[Entries taken from a collection]
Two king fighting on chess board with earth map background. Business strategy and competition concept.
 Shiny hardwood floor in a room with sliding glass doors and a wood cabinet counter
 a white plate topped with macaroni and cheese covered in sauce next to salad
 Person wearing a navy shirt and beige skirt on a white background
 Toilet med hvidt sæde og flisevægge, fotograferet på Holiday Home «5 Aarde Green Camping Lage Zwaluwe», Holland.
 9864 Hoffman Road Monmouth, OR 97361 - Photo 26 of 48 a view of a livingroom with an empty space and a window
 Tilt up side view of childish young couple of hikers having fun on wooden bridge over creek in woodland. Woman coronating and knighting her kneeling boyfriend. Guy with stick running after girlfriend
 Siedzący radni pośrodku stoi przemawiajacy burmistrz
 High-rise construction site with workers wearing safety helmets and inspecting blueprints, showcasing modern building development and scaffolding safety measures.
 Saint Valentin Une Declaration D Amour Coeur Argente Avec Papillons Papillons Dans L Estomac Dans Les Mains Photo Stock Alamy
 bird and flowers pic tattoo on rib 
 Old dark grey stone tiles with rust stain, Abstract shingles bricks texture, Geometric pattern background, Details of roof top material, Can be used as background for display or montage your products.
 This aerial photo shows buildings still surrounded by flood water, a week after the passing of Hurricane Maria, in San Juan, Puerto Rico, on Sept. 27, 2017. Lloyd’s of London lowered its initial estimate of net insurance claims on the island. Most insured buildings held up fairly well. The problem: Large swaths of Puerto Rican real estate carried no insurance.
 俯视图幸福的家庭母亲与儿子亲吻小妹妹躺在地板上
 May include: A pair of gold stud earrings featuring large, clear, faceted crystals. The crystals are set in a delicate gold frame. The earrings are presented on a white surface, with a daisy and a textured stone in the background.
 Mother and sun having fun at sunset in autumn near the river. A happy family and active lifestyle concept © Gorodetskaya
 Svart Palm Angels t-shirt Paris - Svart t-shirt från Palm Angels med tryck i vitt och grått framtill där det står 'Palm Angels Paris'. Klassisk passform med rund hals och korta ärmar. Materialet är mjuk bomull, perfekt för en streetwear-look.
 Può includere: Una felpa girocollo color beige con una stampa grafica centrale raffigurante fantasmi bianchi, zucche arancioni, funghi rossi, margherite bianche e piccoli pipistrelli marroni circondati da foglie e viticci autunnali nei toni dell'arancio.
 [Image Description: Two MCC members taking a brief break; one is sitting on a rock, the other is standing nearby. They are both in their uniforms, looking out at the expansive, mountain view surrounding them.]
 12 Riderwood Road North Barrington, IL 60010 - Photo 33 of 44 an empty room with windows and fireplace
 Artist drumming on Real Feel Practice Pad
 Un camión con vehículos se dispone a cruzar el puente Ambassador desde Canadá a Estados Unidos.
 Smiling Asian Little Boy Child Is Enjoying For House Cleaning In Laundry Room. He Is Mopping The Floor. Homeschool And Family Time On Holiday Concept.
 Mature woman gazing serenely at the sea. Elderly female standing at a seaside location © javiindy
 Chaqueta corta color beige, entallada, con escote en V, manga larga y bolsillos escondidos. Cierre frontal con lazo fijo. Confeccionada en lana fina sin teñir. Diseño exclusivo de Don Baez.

▶ _EXERCISE INSTRUCTIONS_: Full repetition needed. Write out every entry above exactly as given.

▶ _OUTPUT_:
Two king fighting on chess board with earth map background. Business strategy and competition concept.
 Shiny hardwood floor in a room with sliding glass doors and a wood cabinet counter
 a white plate topped with macaroni and cheese covered in sauce next to salad
 Person wearing a navy shirt and beige skirt on a white background
 Toilet med hvidt sæde og flisevægge, fotograferet på Holiday Home «5 Aarde Green Camping Lage Zwaluwe», Holland.
 9864 Hoffman Road Monmouth, OR 97361 - Photo 26 of 48 a view of a livingroom with an empty space and a window
 Tilt up side view of childish young couple of hikers having fun on wooden bridge over creek in woodland. Woman coronating and knighting her kneeling boyfriend. Guy with stick running after girlfriend
 Siedzący radni pośrodku stoi przemawiajacy burmistrz
 High-rise construction site with workers wearing safety helmets and inspecting blueprints, showcasing modern building development and scaffolding safety measures.
 Saint Valentin Une Declaration D Amour Coeur Argente Avec Papillons Papillons Dans L Estomac Dans Les Mains Photo Stock Alamy
 bird and flowers pic tattoo on rib 
 Old dark grey stone tiles with rust stain, Abstract shingles bricks texture, Geometric pattern background, Details of roof top material, Can be used as background for display or montage your products.
 This aerial photo shows buildings still surrounded by flood water, a week after the passing of Hurricane Maria, in San Juan, Puerto Rico, on Sept. 27, 2017. Lloyd’s of London lowered its initial estimate of net insurance claims on the island. Most insured buildings held up fairly well. The problem: Large swaths of Puerto Rican real estate carried no insurance.
 俯视图幸福的家庭母亲与儿子亲吻小妹妹躺在地板上
 May include: A pair of gold stud earrings featuring large, clear, faceted crystals. The crystals are set in a delicate gold frame. The earrings are presented on a white surface, with a daisy and a textured stone in the background.
 Mother and sun having fun at sunset in autumn near the river. A happy family and active lifestyle concept © Gorodetskaya
 Svart Palm Angels t-shirt Paris - Svart t-shirt från Palm Angels med tryck i vitt och grått framtill där det står 'Palm Angels Paris'. Klassisk passform med rund hals och korta ärmar. Materialet är mjuk bomull, perfekt för en streetwear-look.
 Può includere: Una felpa girocollo color beige con una stampa grafica centrale raffigurante fantasmi bianchi, zucche arancioni, funghi rossi, margherite bianche e piccoli pipistrelli marroni circondati da foglie e viticci autunnali nei toni dell'arancio.
 [Image Description: Two MCC members taking a brief break; one is sitting on a rock, the other is standing nearby. They are both in their uniforms, looking out at the expansive, mountain view surrounding them.]
 12 Riderwood Road North Barrington, IL 60010 - Photo 33 of 44 an empty room with windows and fireplace
 Artist drumming on Real Feel Practice Pad
 Un camión con vehículos se dispone a cruzar el puente Ambassador desde Canadá a Estados Unidos.
 Smiling Asian Little Boy Child Is Enjoying For House Cleaning In Laundry Room. He Is Mopping The Floor. Homeschool And Family Time On Holiday Concept.
 Mature woman gazing serenely at the sea. Elderly female standing at a seaside location © javiindy
 Chaqueta corta color beige, entallada, con escote en V, manga larga y bolsillos escondidos. Cierre frontal con lazo fijo. Confeccionada en lana fina sin teñir. Diseño exclusivo de Don Baez.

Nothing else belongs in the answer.